The leg flags we use in Delaware Bay are commonly deployed on shorebirds around the world. For many years, my coauthor Dr. Nigel Clark has been concerned about the potential for misidentification and its consequences, but misread error rates are hard to quantify. So, in 2008 he randomly withheld 20% of the flags manufactured for that field season. This provided us with real possible codes that were never deployed and a way to directly estimate the minimum error rate in our dataset if erroneous resightings of those codes appeared in the data.

We also estimated a maximum possible error rate to get a sense of the range of possible error rates in our dataset. In Delaware Bay, individuals are often seen several times a year and by multiple different observers. Considering this, we identified records where a bird was only recorded once in a year as possible misreads, which we used to estimate maximum possible misread rate, since it seemed unlikely that the same misread error would occur more than once in a year.

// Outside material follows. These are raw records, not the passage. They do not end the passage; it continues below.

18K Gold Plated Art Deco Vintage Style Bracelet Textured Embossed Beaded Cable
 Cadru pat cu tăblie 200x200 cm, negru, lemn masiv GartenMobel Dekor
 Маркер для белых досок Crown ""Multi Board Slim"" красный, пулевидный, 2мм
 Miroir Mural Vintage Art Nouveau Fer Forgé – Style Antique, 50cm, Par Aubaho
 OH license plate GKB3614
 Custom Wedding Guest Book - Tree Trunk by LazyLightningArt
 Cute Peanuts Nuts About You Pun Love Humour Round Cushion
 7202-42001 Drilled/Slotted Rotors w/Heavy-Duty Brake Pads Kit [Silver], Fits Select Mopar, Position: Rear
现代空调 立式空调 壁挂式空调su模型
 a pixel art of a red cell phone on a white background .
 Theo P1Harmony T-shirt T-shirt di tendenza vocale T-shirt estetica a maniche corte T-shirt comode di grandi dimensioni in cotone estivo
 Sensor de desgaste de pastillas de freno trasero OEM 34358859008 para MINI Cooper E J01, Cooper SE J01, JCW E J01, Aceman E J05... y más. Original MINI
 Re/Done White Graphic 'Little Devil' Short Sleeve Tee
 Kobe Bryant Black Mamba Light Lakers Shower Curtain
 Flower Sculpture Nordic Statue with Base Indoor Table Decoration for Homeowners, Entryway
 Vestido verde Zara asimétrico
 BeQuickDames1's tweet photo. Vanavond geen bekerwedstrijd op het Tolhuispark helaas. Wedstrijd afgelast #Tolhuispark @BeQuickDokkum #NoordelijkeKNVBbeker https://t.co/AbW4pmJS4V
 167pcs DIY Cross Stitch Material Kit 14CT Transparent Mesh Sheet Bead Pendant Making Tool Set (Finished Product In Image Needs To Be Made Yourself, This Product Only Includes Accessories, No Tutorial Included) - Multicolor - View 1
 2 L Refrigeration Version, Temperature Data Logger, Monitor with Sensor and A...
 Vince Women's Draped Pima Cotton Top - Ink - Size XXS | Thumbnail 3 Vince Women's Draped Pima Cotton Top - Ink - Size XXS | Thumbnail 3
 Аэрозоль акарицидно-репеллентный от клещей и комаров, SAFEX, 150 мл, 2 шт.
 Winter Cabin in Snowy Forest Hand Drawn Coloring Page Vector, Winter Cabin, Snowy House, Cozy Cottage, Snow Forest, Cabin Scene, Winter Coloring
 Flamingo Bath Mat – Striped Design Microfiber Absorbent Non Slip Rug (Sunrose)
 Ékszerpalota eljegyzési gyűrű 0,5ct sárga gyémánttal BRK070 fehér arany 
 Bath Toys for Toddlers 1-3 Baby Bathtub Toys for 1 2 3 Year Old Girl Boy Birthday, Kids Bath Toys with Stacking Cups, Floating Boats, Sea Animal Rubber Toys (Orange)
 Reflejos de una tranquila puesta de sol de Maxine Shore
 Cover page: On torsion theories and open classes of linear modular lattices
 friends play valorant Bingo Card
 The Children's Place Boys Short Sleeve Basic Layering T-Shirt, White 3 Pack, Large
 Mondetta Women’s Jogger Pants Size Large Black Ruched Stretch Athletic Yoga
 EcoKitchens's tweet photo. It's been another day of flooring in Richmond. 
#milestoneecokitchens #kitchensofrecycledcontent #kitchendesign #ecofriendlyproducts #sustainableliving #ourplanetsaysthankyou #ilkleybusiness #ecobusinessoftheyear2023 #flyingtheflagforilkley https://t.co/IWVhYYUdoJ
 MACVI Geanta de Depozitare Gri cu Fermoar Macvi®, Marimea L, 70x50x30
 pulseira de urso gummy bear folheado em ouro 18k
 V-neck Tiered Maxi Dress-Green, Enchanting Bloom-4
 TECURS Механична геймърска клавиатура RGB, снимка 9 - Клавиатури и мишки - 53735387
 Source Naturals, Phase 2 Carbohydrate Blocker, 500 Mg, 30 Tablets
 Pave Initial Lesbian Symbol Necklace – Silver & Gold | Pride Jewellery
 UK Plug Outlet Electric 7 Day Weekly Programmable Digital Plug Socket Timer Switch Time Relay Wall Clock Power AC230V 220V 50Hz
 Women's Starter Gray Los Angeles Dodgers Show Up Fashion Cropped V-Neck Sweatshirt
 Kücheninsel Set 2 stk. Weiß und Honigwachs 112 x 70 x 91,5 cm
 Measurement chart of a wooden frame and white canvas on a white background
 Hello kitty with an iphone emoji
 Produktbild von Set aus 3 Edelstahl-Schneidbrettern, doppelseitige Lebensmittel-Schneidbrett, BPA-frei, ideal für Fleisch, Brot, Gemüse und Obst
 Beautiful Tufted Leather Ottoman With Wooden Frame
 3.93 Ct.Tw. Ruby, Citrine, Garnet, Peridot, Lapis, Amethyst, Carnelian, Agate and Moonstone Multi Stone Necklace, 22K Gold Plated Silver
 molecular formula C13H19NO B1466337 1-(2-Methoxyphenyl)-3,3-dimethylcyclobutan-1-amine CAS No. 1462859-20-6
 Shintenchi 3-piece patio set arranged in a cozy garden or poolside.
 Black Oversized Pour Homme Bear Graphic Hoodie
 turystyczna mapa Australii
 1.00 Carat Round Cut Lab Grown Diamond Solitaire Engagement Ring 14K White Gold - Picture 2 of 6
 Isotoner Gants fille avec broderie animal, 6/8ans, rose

Based on resighting data from 2009-2018, we estimated that the minimum misread error rate in our data was 0.31% and the maximum was 6.6%. We found that both average error rate and the variation among observers decreased with experience (the total number of flags an observer had resighted). Our study showed that failing to account for misreads can lead to an apparent negative trend in survival probability over time when none exists. In our paper, we also explore some ways to help mitigate the effects of misreads through data filtering.

Volunteer-based citizen science programs provide rich datasets that can help us understand the drivers of population dynamics and declines. However, when individual misidentification is possible, it’s important to understand error rates and filter potentially suspicious records to avoid biased inferences. Failing to do so could have serious implications not only for our understanding of population declines, but also for the conservation decisions we made based on those analyses.